During the last papal visit I went to see the pope in Galway. I hadn’t intended to, but I was a bit drunk. Myself and a friend emerged from a pub in Ballinasloe to witness an eerie luminous convoy snaking through the town. It seemed like an adventure. So we stuck out our thumbs.
The man who picked us up was coming from Dublin, and although he seemed animated, he wanted us to keep him awake. He was exhausted from selling JP2 posters at the Dublin Mass for 50p each. Much to his astonishment, he had shifted 7,000 of them. He had celebrated by drinking a bottle of whiskey during his journey and was far more drunk than we were. Happily, our terrified yelps managed to keep him alert all the way to Ballybrit.

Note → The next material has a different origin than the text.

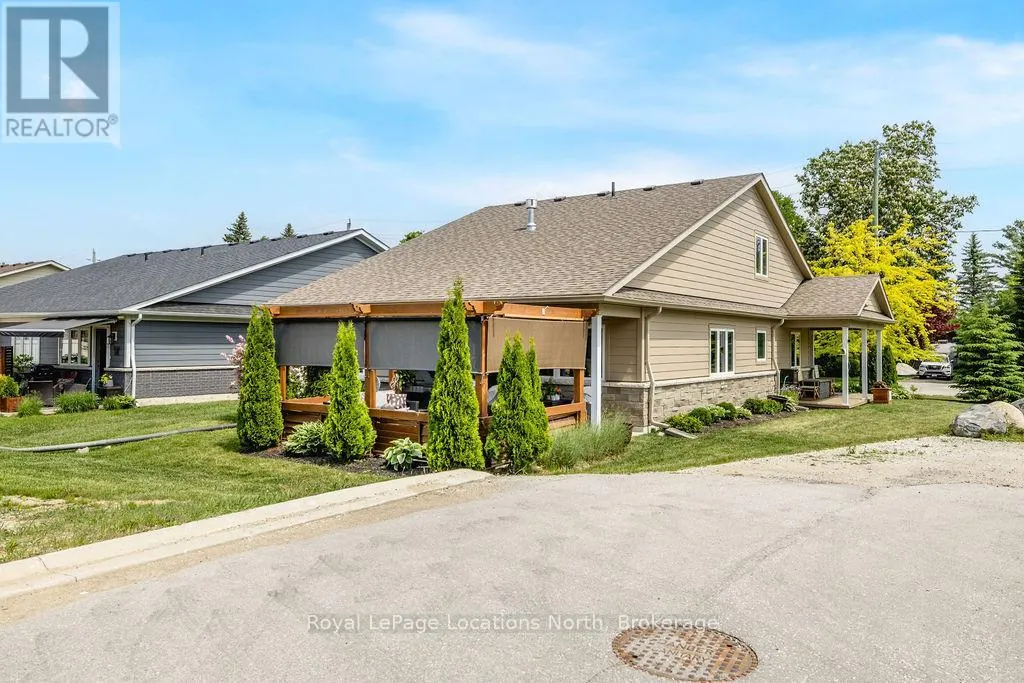 43 NAPIER STREET W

Once there, we positioned ourselves at the top of a slope looking down at the altar/stage, and like most of the people around us, we fell asleep. When we woke, the pope was already speaking. We had completely missed the warm-up act of Bishop Eamonn Casey and Fr Michael Cleary: whose appearance at the Young Peoples’ Mass was more appropriate than anyone knew at the time.
You may view this as disrespect or hypocrisy
I can’t remember much else about it, other than marvelling at the amount of people around me who managed to sleep through the whole thing. No doubt there were many there genuinely delighted to be in the presence of the pontiff, but there were others – like me – who turned up just so they could say they had; to have that story to tell.

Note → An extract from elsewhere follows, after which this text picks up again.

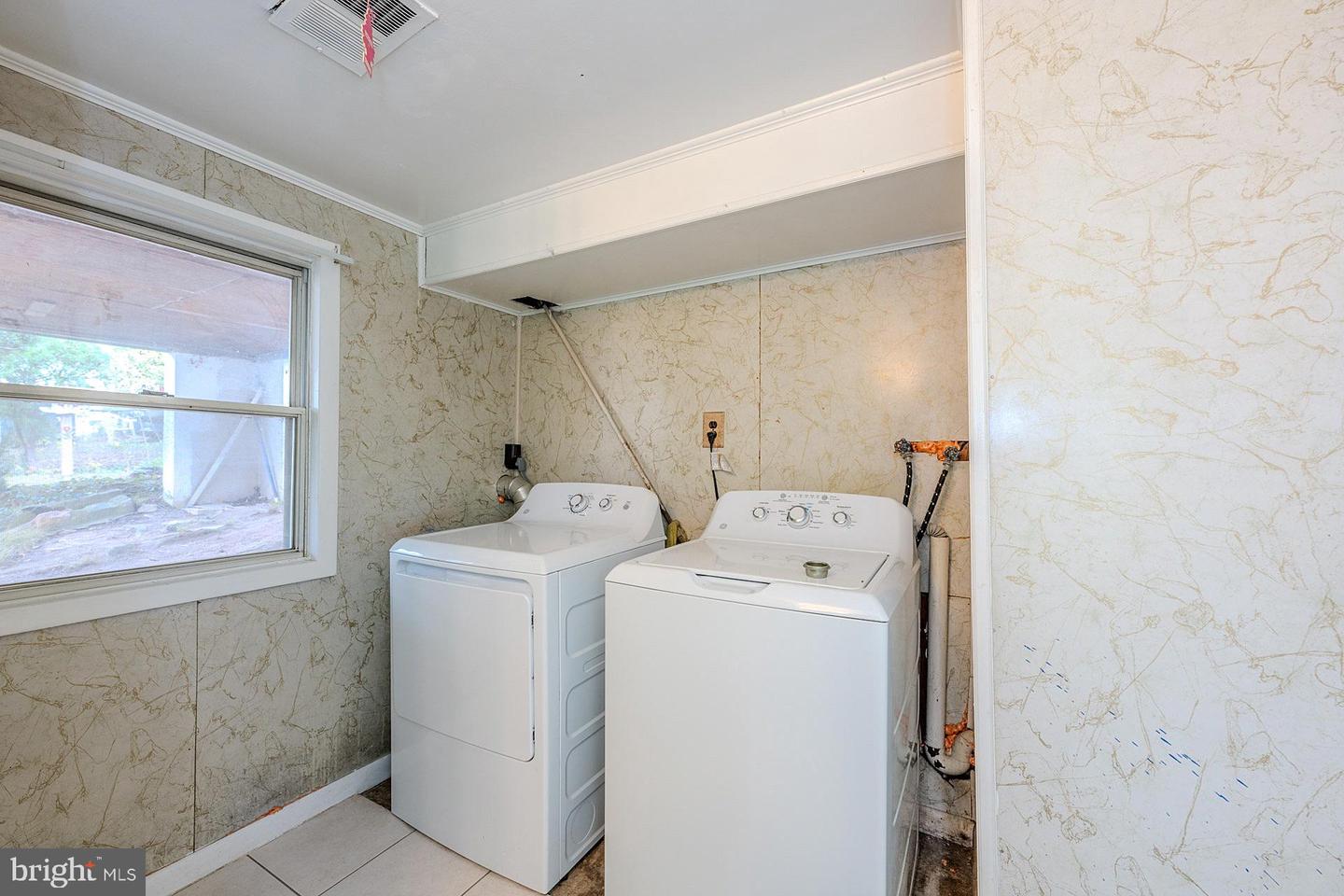 1712 N CULPEPER ST, ARLINGTON, Virginia 22207, 3 Bedrooms Bedrooms, ,2 BathroomsBathrooms,Residential,For sale,1712 N CULPEPER ST,VAAR2066304 MLS # VAAR2066304 1712 N CULPEPER ST, ARLINGTON, Virginia 22207, 3 Bedrooms Bedrooms, ,2 BathroomsBathrooms,Residential,For sale,1712 N CULPEPER ST,VAAR2066304 MLS # VAAR2066304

You may view this as disrespect or hypocrisy. You may view Catholicism as a discreet and rigid set of structures to which one gives fealty or loses the right to be called Catholic. But in reality the Irish church was never like this. People at all levels bent the rules. Priests had relationships. Couples used contraception. People opted not to take it all too seriously. The only difference was that, back then, you kept quiet about it.

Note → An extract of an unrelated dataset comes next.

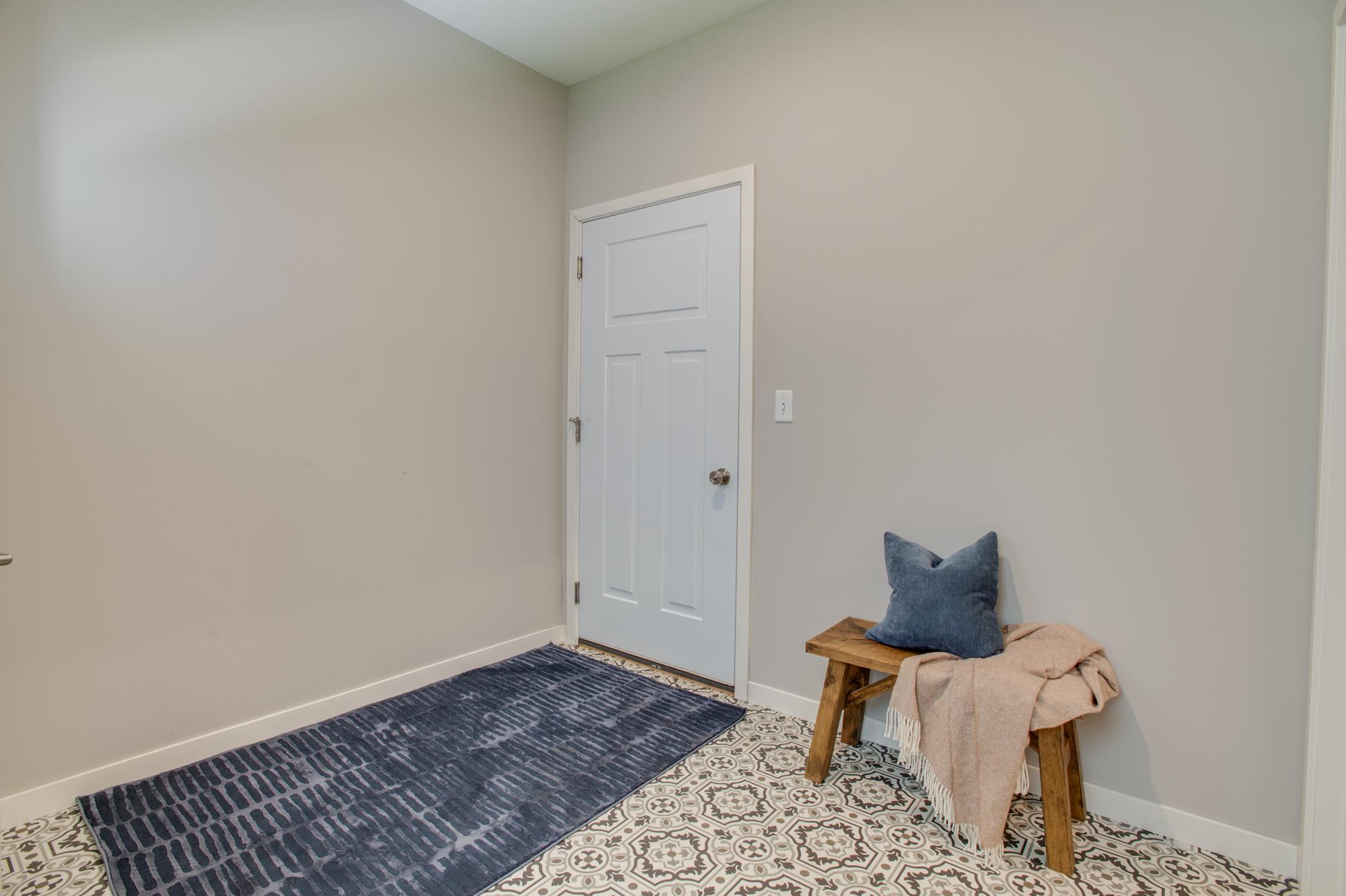 628 10th Avenue N, Fargo ND 58102 - Photo 7 of 42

Over the next few months, you’ll hear a lot about how Ireland is such a different place now. But the secularisation of this country was due to far more than the sexual abuse scandals. It was happening anyway. We were better off, better educated, more confident: we had more room – and most importantly, the freedom – to consider and finally express our own beliefs. For some, this meant leaving the church behind altogether; for others this meant redefining the meaning of ‘Irish Catholic’.
And unlike 1979, it is now openly à la carte. To be an Irish Catholic might mean you’re divorced or gay or you only go to Mass for funerals. It might mean you don’t really believe in God at all; but given that you’ve grown up being brought into churches, you still find them comforting.
That doesn’t mean they all agree with Rónán Mullen
Most importantly, you don’t feel the need to apologise for or explain this to anyone; certainly not any member of the hierarchy. They can’t tell you how to live your life. They can’t tell you what God means. Conservative stalwarts such as Rónán Mullen may make much of the fact that more than 75 per cent of people in Ireland still identify as Catholic: but that doesn’t mean they all agree with Rónán Mullen. Or that any of them agree with Rónán Mullen.
So when Pope Francis arrives this summer, expect traffic jams and monster crowds. He’ll easily muster half a million into the Phoenix Park. Some will be there just to say they were. Some will be there to sell posters. All will be there with their own Irish Catholic religion: half a million people seeing half a million different visions of God.